Evaluating the impact on health outcomes of an event that resulted in a delay in contact tracing of COVID-19 cases
Abstract
Objective
In September 2020, records of 15,861 SARS-CoV-2 cases failed to upload from the Second Generation Laboratory Surveillance System (SGSS) to the Contact Tracing Advisory Service (CTAS) tool, resulting in a delay in the contact tracing of these cases. This study used CTAS data to determine the impact of this delay on health outcomes: transmission events, hospitalisations, and mortality. Previously, a modelling study had suggested a substantial impact.
Design
Observational study
Setting
England.
Population
Individuals testing positive for SARS-CoV-2 and their reported contacts.
Main outcome measures
Secondary attack rates (SARs), hospitalisations, and deaths amongst primary and secondary contacts were calculated, compared to all other concurrent, unaffected cases.
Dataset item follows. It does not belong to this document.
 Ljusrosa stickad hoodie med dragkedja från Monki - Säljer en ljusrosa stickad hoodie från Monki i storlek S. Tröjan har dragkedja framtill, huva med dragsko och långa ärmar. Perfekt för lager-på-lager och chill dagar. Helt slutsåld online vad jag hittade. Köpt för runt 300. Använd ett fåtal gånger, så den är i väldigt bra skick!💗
SGSS records affected by the event were matched to CTAS records and successive contacts and cases were identified.
Results
The initiation of contact tracing was delayed by 3 days on average in the primary cases in the delay group (6 days) compared to the control group (3 days). This was associated with lower completion of contact tracing of primary cases in the delay group: 80% (95%CI: 79-81%) in the delay group and 83% (95%CI: 83-84%) in the control group. There was some evidence to suggest an increase in transmission to non-household contacts amongst those affected by the delay. The SAR for non-household contacts was higher amongst secondary contacts in the delay group than the control group (delay group: 7.9%, 95%CI:6.4% to 9.2%; control group: 5.9%, 95%CI: 5.3% to 6.6%). There was no evidence of a difference between the delay and control groups in the odds of hospitalisation (crude odds ratio: 1.1 (95%CI: 0.9 to 1.2) or death (crude odds ratio: 0.7 (0.1 to 4.0)) amongst secondary contacts.
Conclusions
The delay in contact tracing had a limited impact on population health outcomes.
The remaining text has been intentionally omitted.